É que, por desculpável engano ou inadvertência, falta de que é sempre vítima todo o espírito avassalado por uma idéia fixa, esqueceu-se o calculista de considerar que, deixando todas as cargas de importação e exportação da Mogiana de percorrer o seu velho tronco, no trecho que vai de Campinas a Mogi-Mirim, da extensão de 76 quilômetros, o prejuízo que daí resultará para a receita ordinária da companhia será pelo menos de uns quatro mil contos de réis.

Se, pois, do fato de produzir a linha de Mogi a Santos uma receita de 10.000:000$000 de réis, infalivelmente resultaria para a Companhia Mogiana sofrer em seu velho tronco uma sangradura de 4.000:000$000 de réis, força é concluir que a receita bruta daquela ficaria efetivamente reduzida a 6:000:000$000 de réis.

Assim, mesmo aceitando os dados fantásticos do autor do folheto, quando supõe que todas as cargas que atualmente se baldeiam em Campinas passariam integralmente a constituir elementos de tráfego da linha da Mogiana a Santos, certo é que a receita da nova linha não elevaria senão apenas de seis mil contos de réis a renda geral da Mogiana, que seria a primeira a sofrer a guerra da nova concorrente.

De resto, que dizer dessa tão anti-econômica quão ingrata e despiedosa tentativa de aniquilar por completo o velho tronco do grande sistema ferroviário, matando o tráfego desses magníficos 76 quilômetros da sua artéria principal, o mais vigoroso nervo da possante estrutura econômica da velha empresa? Como qualificar o plano de cortar o grane cordão umbilical que prende toda a empresa da Mogiana à sua terra natal, a cidade de Campinas, procurando destruir de vez as relações comerciais desta cidade com toda a extensa zona servida pelas linhas da companhia, e ferir de morte este antigo centro de vida e trabalho, tirando o pão a uma considerável parte de sa classe operária, o que importaria despovoar a cidade de um forte contingente de braços ativos, de gente que produz e consome? Poderia Campinas esperar isto da Companhia Mogiana, que aliás sempre propugnou pelo bem e pela prosperidade dessa cidade?

É tempo de passarmos a discutir as despesas de custeio da nova estrada.

A diretoria da Companhia Mogiana fez publicar que a sua linha a Santos apenas gastará 40% da receita que produzir.

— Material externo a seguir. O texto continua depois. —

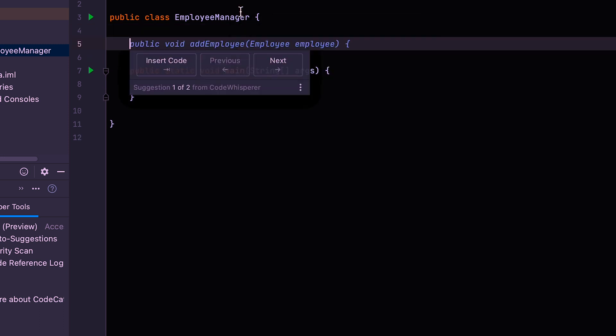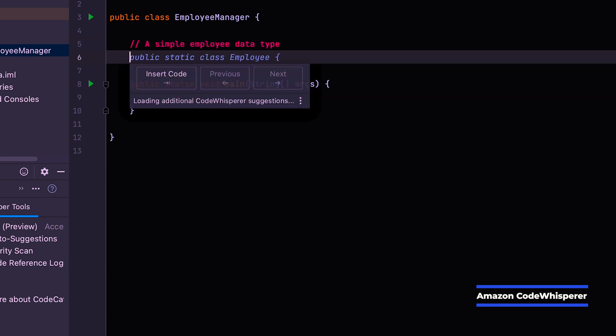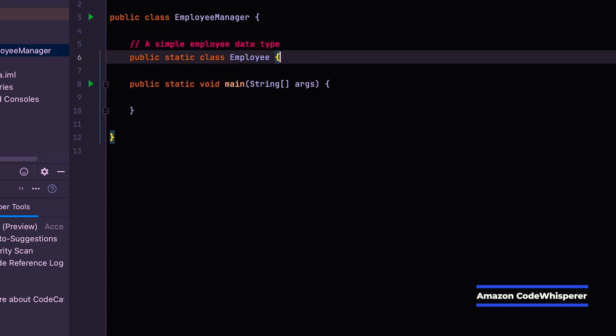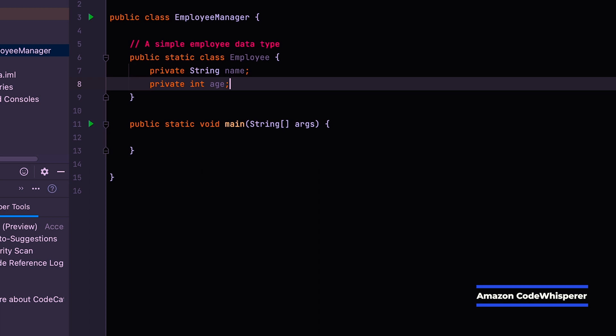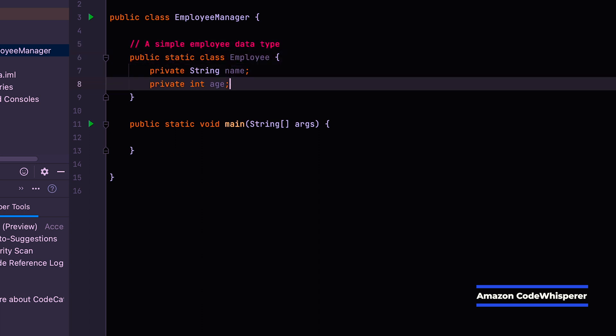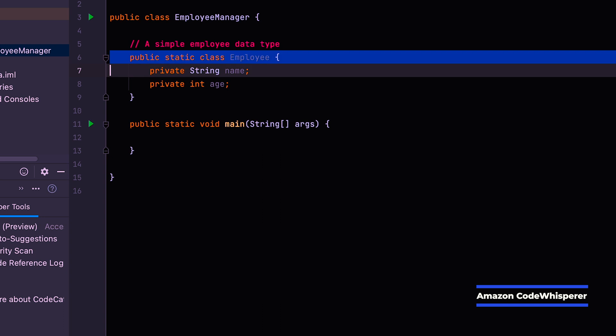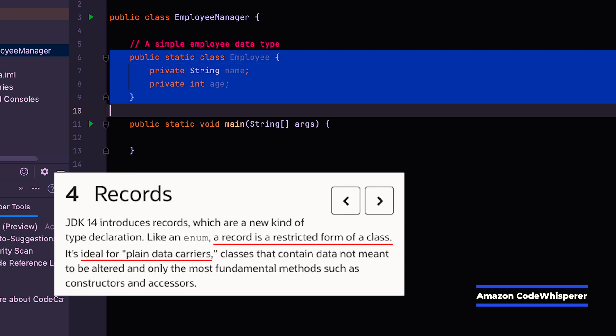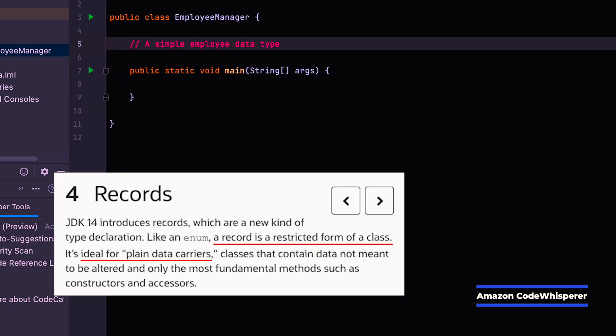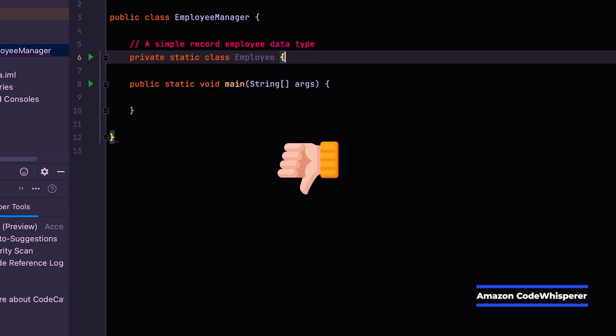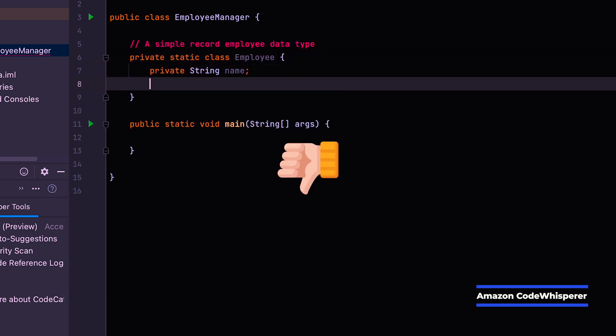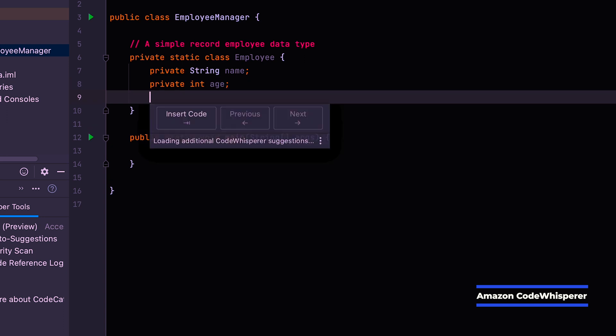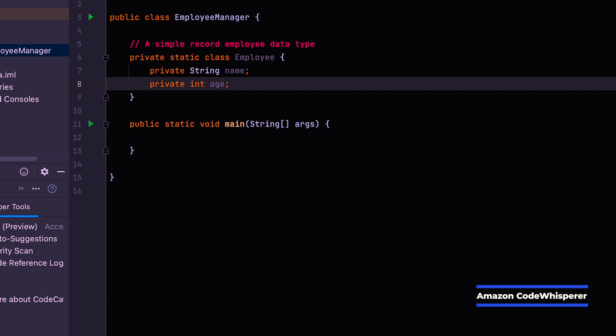We can just generate that from the IDE and let's create an employee type. So it already says, do you want to add employee method? So this is Code Whisperer giving me some suggestions and I can tap through these, but let's just add a comment describing what we want. We want to create a simple employee data type. Fair enough. Perfect. Now let's just see if we could have said record because we're using Java 18. So maybe we could have said a simple record employee data type. No, it still generates a class.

É outra fantasia. Não há atualmente estrada de ferro em S. Paulo, nem no Brasil, e desafiamos que se nos apresente uma só – em que a relação da despesa para a receita seja apenas de 40%.

Na S. Paulo Railway, a linha de tráfego mais intenso que possuímos, aquela portanto em que essa relação tem forte motivo para se tornar a mais favorável possível, foi ela de 50% para o último decênio. Na Mogiana, a mesma relação foi de 54% no ano próximo findo!...

Como é, pois, que se nos vem dizer que na linha de Mogi-Mirim a Santos – de construção pesadíssima, com uma série contínua de obras d'arte de conservação caríssima em toda a travessia da cordilheira marítima, e um traçado geral cortando inúmeros e importantes vales – as despesas de custeio serão tão baixas como não registra nenhuma estrada de ferro do Brasil?

Ninguém deixará de ver que há engano, e engano grave, em semelhante afirmativa. Em vez, pois, de gastar apenas quatro mil contos, a linha Mogi a Santos gastará muito mais. Não temos dados seguros, positivos, para avaliar a quanto poderá montar o total das suas despesas de custeio, mas não é difícil formar juízo aproximado do algarismo verdadeiro.

A honrada diretoria da Mogiana, que mandou publicar que a renda da nova linha seria de dez mil contos de réis, ao passo que a da S. Paulo Railway teria de ficar reduzida a vinte mil contos de réis, há de concordar em que não é nenhum exagero para mais, antes para menos, admitir que a nova estrada para Santos gaste em seu custeio apenas uma terça parte do que tem despendido a Ingleza, em média, nos últimos dez anos.

A despesa de custeio da estrada de Santos a Jundiaí tem sido de 11.500:000$000 de réis para seus 139 quilômetros, o que dá cerca de 83:000$000 de réis por quilômetro.

Admitindo que a linha da Mogiana a Santos gaste, por quilômetros, apenas uma terça parte do que tem gasto a Inglesa,  isto é, cerca de 28:000$000 de réis em algarismo redondo, temos que o seu custeio total, medindo a linha cerca de 270 quilômetros, importará em 7.560:000$000 de réis.

Ora, vimos acima que na melhor hipótese, de acordo com os elementos de tráfego imaginados pelo próprio autor do folheto, a receita não passaria realmente de 6.000:000$000 de réis; se de outro lado, as despesas de custeio terão de importar em 7.560:000$000 de réis, o resultado da exploração da linha será um déficit anual de 1.560:000$000 de réis.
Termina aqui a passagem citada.